Specifically, they are advancing the unfounded and racist claim that migrants are responsible for the rising unemployment and crime rates. The Minister of Transport, Fikile Mbalula, was quoted by Genocide Watch saying: “The business of spaza [corner shops] that used to belong to our people have been taken over by Pakistanis. They can no longer survive and have no option but to surrender.” The racism from the top down, therefore, is apparent.
Background of current wave of xenophobic tension
It’s safe to say that South Africa is no stranger to racism. However, the government’s renewed enthusiasm to side-step fiscal surveillance by scapegoating migrants is whipping up the public’s xenophobia.
The latest example of the political blame-game was recently exemplified by South Africa’s Minister of Home Affairs, Dr. Aaron Motsoaledi, who announced that Zimbabwe Exemption Permits (ZEPs) would be terminated at the end of this year.
These permits had been initially issued in response to the 2008 political crisis in Zimbabwe that caused a high number of undocumented Zimbabweans to migrate to South Africa. Essentially, a ZEP doubles up as a work and residence visa; according to Business Live, a reported 178,000 Zimbabweans are on these permits.
Motsoaledi’s move has been widely criticised as a government strategy to appease the jobless South Africans by claiming that immigrants are taking the citizens’ jobs.
As shown with the discontinuation of ZEPs, politicians are peddling the tired and untrue ‘migrants are stealing your jobs’ narrative. In fact, migrants constitute a mere 7.2% of the country’s population.
Spurred on by xenophobic laws, some civilians view it as their ‘duty’ to ‘help’ the government tackle the ‘problem’ and are organising themselves into vigilante groups to harass and threaten migrants. One of the most prominent groups is Operation Dudula, whose members are fixated on identifying and criminalising so-called ‘illegal’ immigrants.

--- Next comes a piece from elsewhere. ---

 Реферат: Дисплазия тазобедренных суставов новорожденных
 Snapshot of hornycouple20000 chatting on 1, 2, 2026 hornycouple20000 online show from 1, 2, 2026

Operation Dudula’s notable first appearance on the South African landscape occurred in June 2021 when they marched in Soweto, Johannesburg, targeting persons suspected as immigrant drug traffickers and rallying against businesses that employ immigrants. And these actions have undeniably devastating consequences: as recently as 7 April this year, Politics Web covered the story of a Zimbabwean national, Elvis Nyathi, who was burnt to death in a hate crime by a racist mob in Diepsloot, Johannesburg.
Unequivocal defence of human rights
But thankfully, it’s not just nationalistic groups that are gaining traction. While the traditional mainstay defenders of human rights have done little to nothing in reaction to the latest victimisation of migrants, grassroots organisations such as Kopanang Africa Against Xenophobia (KAAX) are raising the voice of reason by fighting for human rights.
I was privileged to interview KAAX’s spokesperson, Dr. Dale McKinley, who provided profound insights about their activism. He detailed some of the challenges confronting KAAX, including death threats, and how social media is playing a crucial role in shaping public opinion.
KAAX, which identifies as “a movement of organisations united against xenophobia and in solidarity with our African siblings,” was formed a little over half a year ago. I ask Dr. McKinley whether it was in response to Operation Dudula’s rise, but he says they weren’t the cause, but rather the final straw. “It was the accumulation of what we began to see last year, with the targeting of certain foreign-owned spaza shops,” he explains. “After this, the number of violent acts increased and with them, the hate speech and xenophobic rhetoric on social media continued to target foreign nationals.”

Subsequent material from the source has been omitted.